Isaac Newton(1643-1727) made many profound contributions to science. He was an important figure in the Scientific Revolution. He worked on optics. He discovered universal gravitation. He also shares credit for inventing calculus.
In his work Philosophiæ Naturalis Principia Mathematica, Newton formulated his three laws of motion that model how objects accelerate. These laws make up the foundation of classical physics.
Hypothesis, Theory and Law
Science doesn't produce unchanging truths. Science is an ongoing process of discovery, and each new explanation has the potential to improve on the previous. Hypotheses, theories and laws could be true, but it is impossible to know anything with 100% certainty.
A phenomenon is an observable event, like the orbits of planets, static electricity, and lactose intolerance.
A hypothesis is a possible explanation for a phenomenon.

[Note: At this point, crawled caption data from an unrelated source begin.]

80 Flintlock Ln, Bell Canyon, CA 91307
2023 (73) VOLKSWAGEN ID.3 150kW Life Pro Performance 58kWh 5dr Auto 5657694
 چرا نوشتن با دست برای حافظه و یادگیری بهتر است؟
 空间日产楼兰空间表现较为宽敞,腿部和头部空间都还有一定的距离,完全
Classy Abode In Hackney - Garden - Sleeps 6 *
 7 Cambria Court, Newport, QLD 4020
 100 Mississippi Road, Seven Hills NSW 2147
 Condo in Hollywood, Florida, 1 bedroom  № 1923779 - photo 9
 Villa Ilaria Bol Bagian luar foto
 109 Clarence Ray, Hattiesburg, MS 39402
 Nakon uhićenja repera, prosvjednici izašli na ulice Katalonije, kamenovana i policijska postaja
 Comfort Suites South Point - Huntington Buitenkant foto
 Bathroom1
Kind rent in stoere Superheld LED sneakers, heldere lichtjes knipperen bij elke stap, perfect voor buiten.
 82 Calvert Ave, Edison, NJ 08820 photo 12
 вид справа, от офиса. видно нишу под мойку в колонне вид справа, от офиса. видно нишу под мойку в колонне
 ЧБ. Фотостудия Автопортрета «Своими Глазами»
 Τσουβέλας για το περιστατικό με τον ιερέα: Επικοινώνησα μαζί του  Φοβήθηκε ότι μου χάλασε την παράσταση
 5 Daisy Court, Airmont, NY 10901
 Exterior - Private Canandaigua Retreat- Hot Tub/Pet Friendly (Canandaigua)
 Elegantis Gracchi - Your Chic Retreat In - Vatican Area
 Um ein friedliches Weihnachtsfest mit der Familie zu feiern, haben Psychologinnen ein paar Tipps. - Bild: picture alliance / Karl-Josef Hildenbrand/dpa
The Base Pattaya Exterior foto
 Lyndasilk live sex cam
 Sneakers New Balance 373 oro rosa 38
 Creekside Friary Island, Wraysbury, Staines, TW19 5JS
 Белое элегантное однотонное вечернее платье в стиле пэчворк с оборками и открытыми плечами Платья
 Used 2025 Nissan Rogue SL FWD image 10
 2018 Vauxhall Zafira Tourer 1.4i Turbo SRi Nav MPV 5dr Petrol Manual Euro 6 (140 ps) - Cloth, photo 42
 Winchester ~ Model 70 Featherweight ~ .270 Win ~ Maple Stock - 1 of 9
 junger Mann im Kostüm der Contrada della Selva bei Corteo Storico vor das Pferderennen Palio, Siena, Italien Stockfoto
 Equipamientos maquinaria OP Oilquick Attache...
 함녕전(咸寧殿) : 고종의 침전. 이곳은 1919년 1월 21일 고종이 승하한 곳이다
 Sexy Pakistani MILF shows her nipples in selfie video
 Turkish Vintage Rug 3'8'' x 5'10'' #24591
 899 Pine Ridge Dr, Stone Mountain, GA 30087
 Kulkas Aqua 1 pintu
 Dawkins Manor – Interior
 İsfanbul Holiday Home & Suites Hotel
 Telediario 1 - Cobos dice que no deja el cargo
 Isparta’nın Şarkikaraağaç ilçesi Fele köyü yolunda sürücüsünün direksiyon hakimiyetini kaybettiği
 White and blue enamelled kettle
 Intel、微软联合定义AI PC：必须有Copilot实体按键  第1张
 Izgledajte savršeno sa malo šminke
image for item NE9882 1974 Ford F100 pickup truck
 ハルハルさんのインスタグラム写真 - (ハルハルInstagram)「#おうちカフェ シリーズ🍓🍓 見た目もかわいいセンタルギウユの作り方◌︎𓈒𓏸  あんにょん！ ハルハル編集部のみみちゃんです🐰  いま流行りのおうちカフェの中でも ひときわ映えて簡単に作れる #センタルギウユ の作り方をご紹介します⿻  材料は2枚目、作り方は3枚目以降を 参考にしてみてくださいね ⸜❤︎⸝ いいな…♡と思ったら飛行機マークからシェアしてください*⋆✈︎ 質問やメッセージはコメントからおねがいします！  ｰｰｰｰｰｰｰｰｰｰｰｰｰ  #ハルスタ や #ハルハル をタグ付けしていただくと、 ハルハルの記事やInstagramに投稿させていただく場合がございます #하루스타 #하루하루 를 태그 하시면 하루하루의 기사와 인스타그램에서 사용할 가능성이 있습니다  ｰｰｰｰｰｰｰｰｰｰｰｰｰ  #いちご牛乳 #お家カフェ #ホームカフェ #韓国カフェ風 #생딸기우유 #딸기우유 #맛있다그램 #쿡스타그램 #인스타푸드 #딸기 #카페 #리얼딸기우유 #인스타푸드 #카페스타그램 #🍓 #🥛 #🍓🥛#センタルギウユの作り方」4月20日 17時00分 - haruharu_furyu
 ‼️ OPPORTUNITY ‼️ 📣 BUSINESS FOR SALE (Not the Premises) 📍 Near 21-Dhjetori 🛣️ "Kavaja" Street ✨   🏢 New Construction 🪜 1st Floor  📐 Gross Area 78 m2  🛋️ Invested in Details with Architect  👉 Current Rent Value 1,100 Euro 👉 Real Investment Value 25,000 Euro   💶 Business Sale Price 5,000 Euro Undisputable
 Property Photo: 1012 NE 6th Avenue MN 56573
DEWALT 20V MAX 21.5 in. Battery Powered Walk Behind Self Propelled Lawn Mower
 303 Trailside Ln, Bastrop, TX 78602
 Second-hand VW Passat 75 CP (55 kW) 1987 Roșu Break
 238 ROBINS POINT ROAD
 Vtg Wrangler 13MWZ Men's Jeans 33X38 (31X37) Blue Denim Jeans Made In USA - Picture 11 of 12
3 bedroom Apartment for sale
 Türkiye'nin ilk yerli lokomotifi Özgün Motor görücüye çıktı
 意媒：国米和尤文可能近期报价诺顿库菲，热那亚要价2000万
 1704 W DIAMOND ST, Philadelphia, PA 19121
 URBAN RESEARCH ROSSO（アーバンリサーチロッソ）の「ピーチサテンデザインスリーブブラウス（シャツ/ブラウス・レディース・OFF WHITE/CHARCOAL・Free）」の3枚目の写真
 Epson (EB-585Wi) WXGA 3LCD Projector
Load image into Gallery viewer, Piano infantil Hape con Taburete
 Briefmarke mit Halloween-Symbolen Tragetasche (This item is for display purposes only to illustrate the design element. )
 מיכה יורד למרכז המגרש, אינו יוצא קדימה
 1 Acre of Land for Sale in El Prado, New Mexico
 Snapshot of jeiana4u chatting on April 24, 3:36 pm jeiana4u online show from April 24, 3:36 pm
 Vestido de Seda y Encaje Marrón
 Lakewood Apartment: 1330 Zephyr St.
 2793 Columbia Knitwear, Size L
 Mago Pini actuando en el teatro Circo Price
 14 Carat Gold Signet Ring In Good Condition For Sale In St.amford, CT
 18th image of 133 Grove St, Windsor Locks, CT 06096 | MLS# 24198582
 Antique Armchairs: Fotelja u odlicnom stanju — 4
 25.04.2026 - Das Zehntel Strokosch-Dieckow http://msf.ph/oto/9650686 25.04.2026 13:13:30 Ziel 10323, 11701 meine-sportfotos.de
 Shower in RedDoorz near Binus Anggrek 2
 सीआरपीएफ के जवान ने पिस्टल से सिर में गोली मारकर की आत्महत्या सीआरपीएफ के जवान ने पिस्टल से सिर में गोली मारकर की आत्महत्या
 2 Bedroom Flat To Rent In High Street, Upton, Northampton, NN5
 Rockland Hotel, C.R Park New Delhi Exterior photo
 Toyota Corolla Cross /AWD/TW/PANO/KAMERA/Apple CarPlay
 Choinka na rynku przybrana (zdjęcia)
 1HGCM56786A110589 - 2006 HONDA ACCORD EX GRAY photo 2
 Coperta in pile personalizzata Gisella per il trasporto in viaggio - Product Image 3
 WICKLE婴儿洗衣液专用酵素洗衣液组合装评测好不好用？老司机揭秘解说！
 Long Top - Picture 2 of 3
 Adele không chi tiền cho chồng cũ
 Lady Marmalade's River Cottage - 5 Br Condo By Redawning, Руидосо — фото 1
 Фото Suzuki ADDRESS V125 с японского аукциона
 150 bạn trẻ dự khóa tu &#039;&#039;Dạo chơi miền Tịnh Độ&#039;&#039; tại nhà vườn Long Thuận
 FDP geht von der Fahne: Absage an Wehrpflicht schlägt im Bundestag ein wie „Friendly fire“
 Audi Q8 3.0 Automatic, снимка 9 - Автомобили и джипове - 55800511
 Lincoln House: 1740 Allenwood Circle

A theory is a hypothesis that has been tested many times and never been proven false. Theories are explanations. They answer the question: why does this phenomenon occur? Examples include: quantum field theory, big bang theory, evolution, and germ theory.
A scientific law is also based on the results of many tests, but a law doesn't explain why a phenomenon occurs. Instead, laws are a general description of what has happened and what will happen for a narrow range of conditions.
Almost all laws are found in the physical sciences. Some examples are: Ohm's Law, Universal Gravitation, Coulomb's law, and Kirchhoff's laws.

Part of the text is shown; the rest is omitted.